Interestingly, 977 male inmates have education below a fourth-form level. The data also shows that 47 percent (or 550 out of the 1163) had some level of primary education, with 207 inmates having actually not completed Standard Six. If the number of persons who lack any education at all is included (i.e., 74), the number increases to 281 out of 624 lacking a completed primary education.
''Certainly, there is a link between those who did not finish school and them getting involved in crime,” said long-time activist in youth affairs and author of the book “Insights Into Gang Culture in Belize: Essays on Youth, Crime, and Violence,” Nuri Muhammad. “Crime, primarily, is used as an economic way to provide because they do not have the education to get a job.”
Muhammad underscored to our newsroom that there is, indeed, a negative correlation between education and the likelihood of young men entering a criminal lifestyle.
Muhammad explained that many of the inmates would usually commence their criminal carrier by handling stolen goods or selling drugs as a means of generating income. Eventually, in some cases, these same people would get involved in other lawless behavior known as secondary violence, which can include murder, harm, or attempted murder.
While Muhammad says that he will be the first to admit that those individuals are in prison due to their social circumstances, it does not justify their behavior. He pointed out that there are a lot of people in society that are poor and did not get the chance to finish school; however, they have never committed a crime, and despite that, they have chosen to be productive citizens.
“So it is not a proper logic to say because you have committed a crime is because you are poor, or the other way around, once you are poor, you will commit a crime. Those two do not go together,” Muhammad clarified. “What is true is that when you study those who are in prison, you find that a large percentage of them did not finish primary school. There are also people in all these villages that haven't even gone to school and are not involved in any crime, so you need to understand that there are other circumstances that contributed to these young men being in prison in such large numbers.”
Some of those circumstances, according to Muhammad, include poverty, lack of education, and lack of economic opportunities, among several others.
When we asked about steps that the government can take to address the problem, Muhammad, who is a member and senior advisor to the Leadership Intervention Unit (LIU), indicated that the LIU program, which is expected to be launched in the upcoming weeks, will assist in addressing the problem of young people and crime at a lower level. However, according to him, that will not be enough.
“You also need to spend time in education and ensure that the education department expands the opportunities for more young people to get into school. Once we are able to do that, I think we will be able to stem the tide because young persons who are in school or are gainfully employed are less likely to get in trouble with the law. They are busy with school or work and do not have time for anything else,” advised Muhammad.

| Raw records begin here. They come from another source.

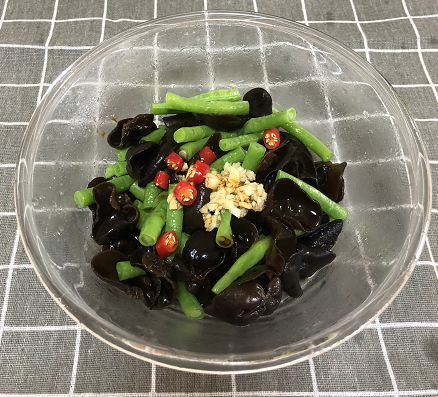 ¡¾¾ËÂè³ø·¿¡¿Á¹°èºÚľ¶ú¶¹½ÇµÄ×ö·¨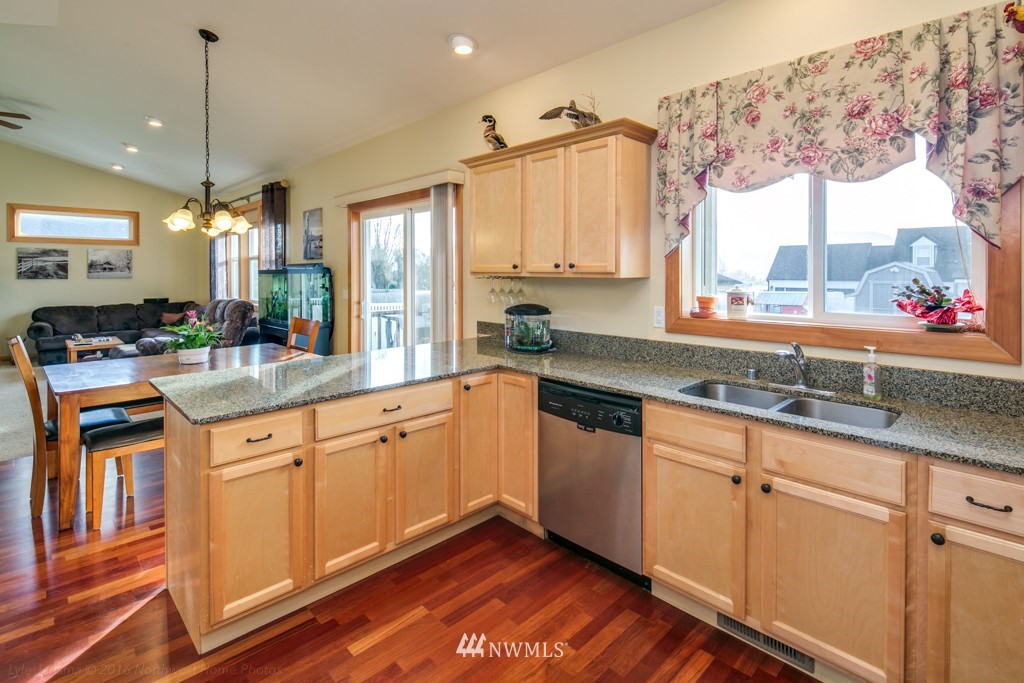 599 Arthurs Way Sumas, WA 98295 - Photo 8 of 23 Gallery Image 8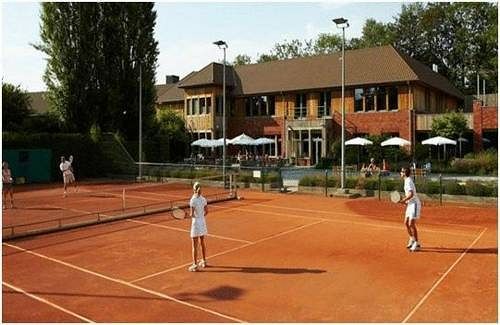 Aspria Royal La Rasante & Khách sạn Woluwe-Saint-Pierre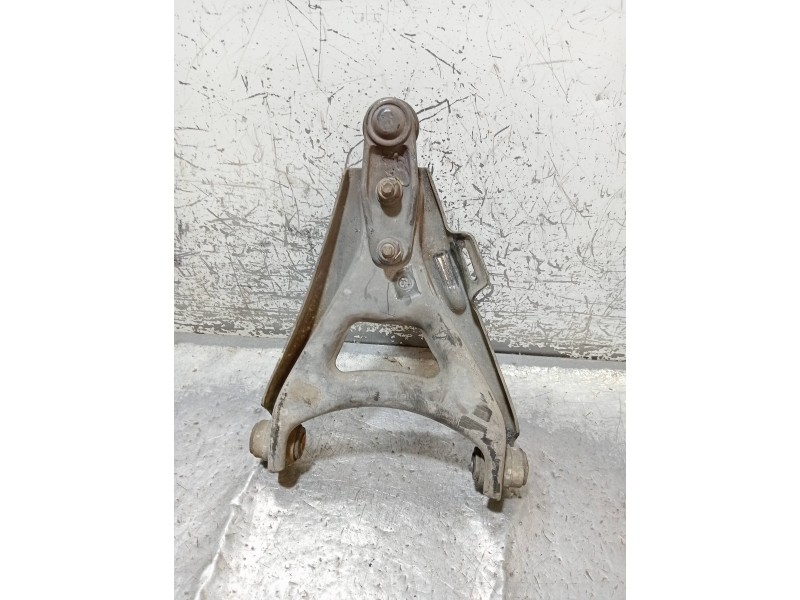 Recambio de brazo suspension superior delantero izquierdo para renault rapid/express (f40) 1.4 referencia OEM IAM   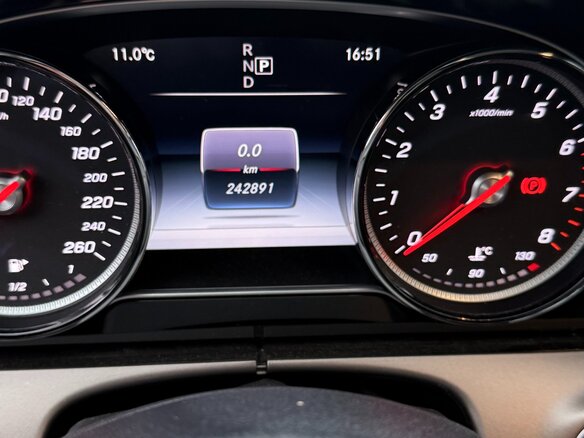 2016 Mercedes-Benz E-Класс 200 V (W213, S213, C238), чёрный, 1749000 рублей - вид 11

He pointed out that the majority of the time, idle minds set the precedence for criminal behavior; however, if young people are in school and engaged in cognitive and rational disciplinary thinking, then the chances of them getting involved in criminal behavior decrease.
“It is only when they are intelligent enough to make the right decision that they will avoid getting involved and doing something that is criminal,” ended Muhammad.